Whether you collect ephemera, antique furniture, or prehistoric animal parts, you can learn to be discerning. Using the five W and H questions before purchasing a new item will go far in improving your collection. The questions must be tailored to point you toward the elements you need to look for. However, even learning how to ask the question trains you. Learning to see past the obvious, you begin to analyze what you are seeing. Reading your collectible with a purpose, enables you to objectively determine if the item is a wise purchase.

The order in which you ask your 6 questions is not important. What is important is that you tailor each question to suit the genre of items you collect, and then internalize the questions so the asking becomes habitual. Finally, you must take the time to mentally answer those questions, and let the answers direct your buying.

Animation Cel from Gemr User Sullivanimation

“When?” obviously, is the time question that helps you place an item in its proper era.

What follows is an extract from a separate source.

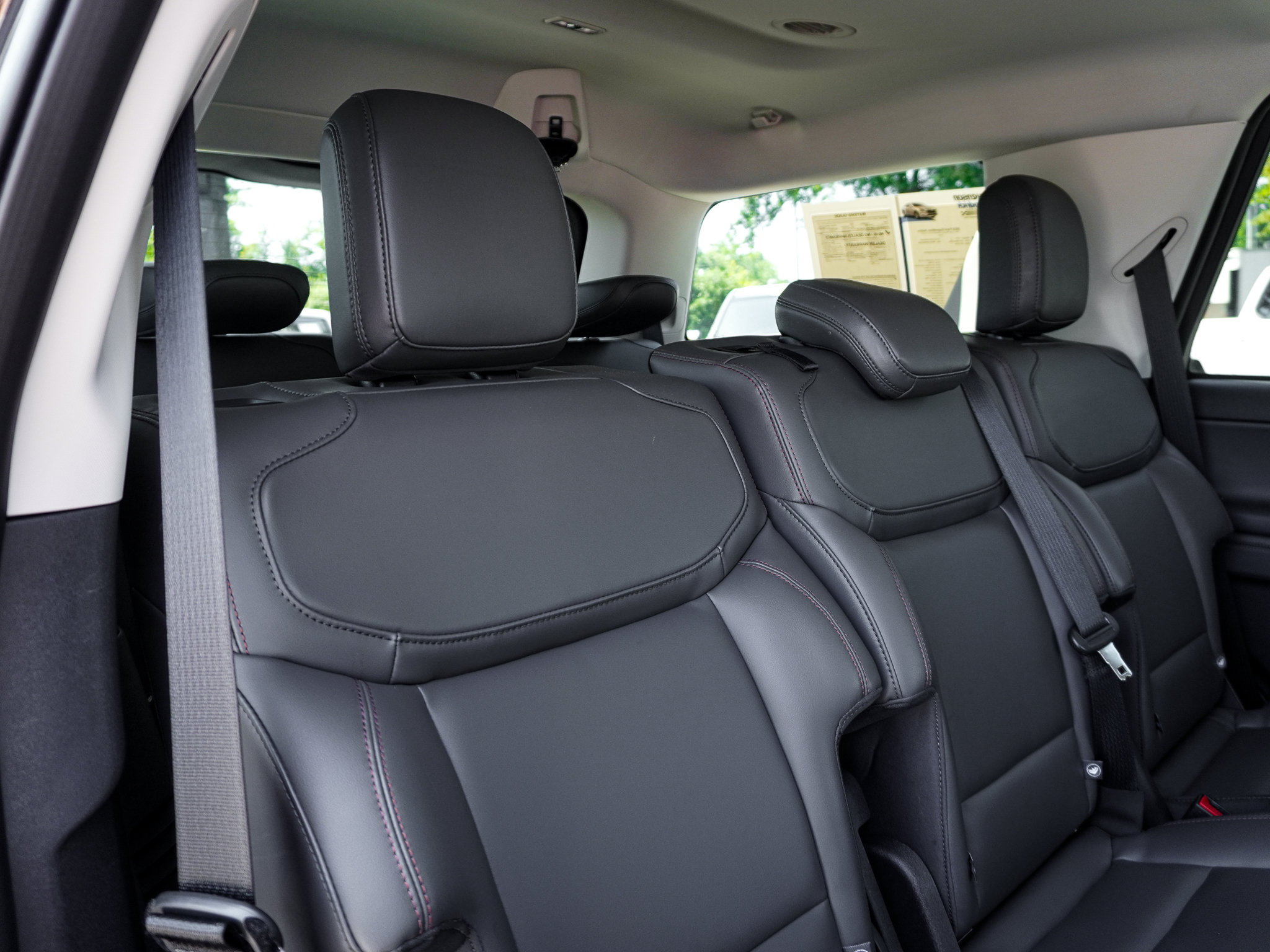 Used 2025 Ford Expedition Active AWD/4WD image 34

For Gemr user sullivananimation, this could be as simple as, “What year did Disney’s Fantasia hit theaters?” But if you collect the artwork that is part of the cartoon’s development, knowing the timeline of a cartoon movie’s production process is helpful. Storyboards, 2D and 3D modeling, sketchy “pencil tests,” and composited animation cels are sequential. They all speak to when, in the production process, an item was created. Sullivanimation’s Classic North American Animation collection includes elements from one franchise that spans over 60 years. Because Disney uses recurring characters, such as Mickey Mouse playing the role of The Sorcerer’s Apprentice in both Fantasia (1940) and Fantasia 2000 (1997), knowing when changes occurred within Disney’s animation production process can actually tell you whether an animation cel of Mickey is from 1940 or 1997.

The “When” questions you ask should compel you to look for those elements that are both easy and more difficult to see. Analyzing a production process often yields time indicators, materials, colors, and techniques not often used in modern production. Depending on what it is you collect, that could mean the use of square nails, hand stitching, hand applied ornamentation, or decorating techniques that would likely be machine applied today.

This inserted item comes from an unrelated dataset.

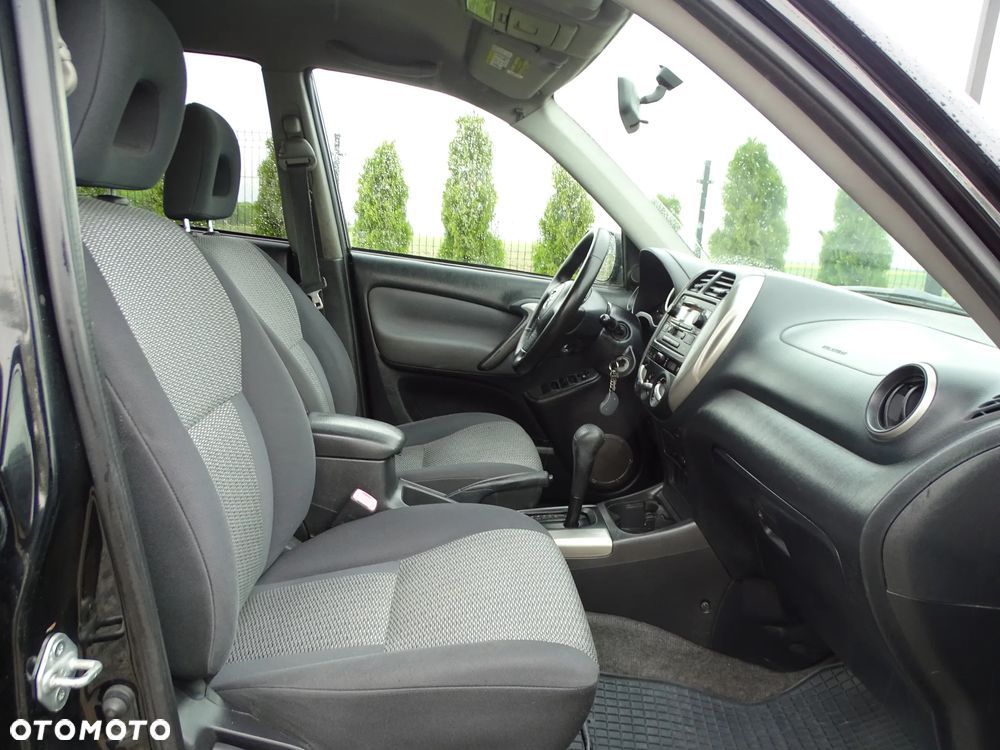 Toyota RAV4 - 9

Your type of collection determines the span of time within which you need to be able to differentiate. A collector of clocks will have 300 years to categorize, while a collector of Star Wars related items has no more than about 40 years. “When” questions should encourage your eye to notice indicators or discrepancies that reveal whether a piece is “period appropriate,” or accurate in style, technique, materials, or packaging for the time frame from which it (supposedly) hails.

It may be that your item has, or does not have features that are important in determining its age. Marble collectors who would buy this rare, $250 marble on eBay must also note what the marble does not include to determine its age and value. They must look for an indicator of how the marble was made. If there is no “pontil,” the attachment point of a handmade glass blown marble, the marble is almost certainly machine made. When no pontil is visible, but there are other antique qualities, such as the caliber of the glass and colors, or the presence of bubbles, the contradiction itself will enable the collector to place a marble’s age within an era.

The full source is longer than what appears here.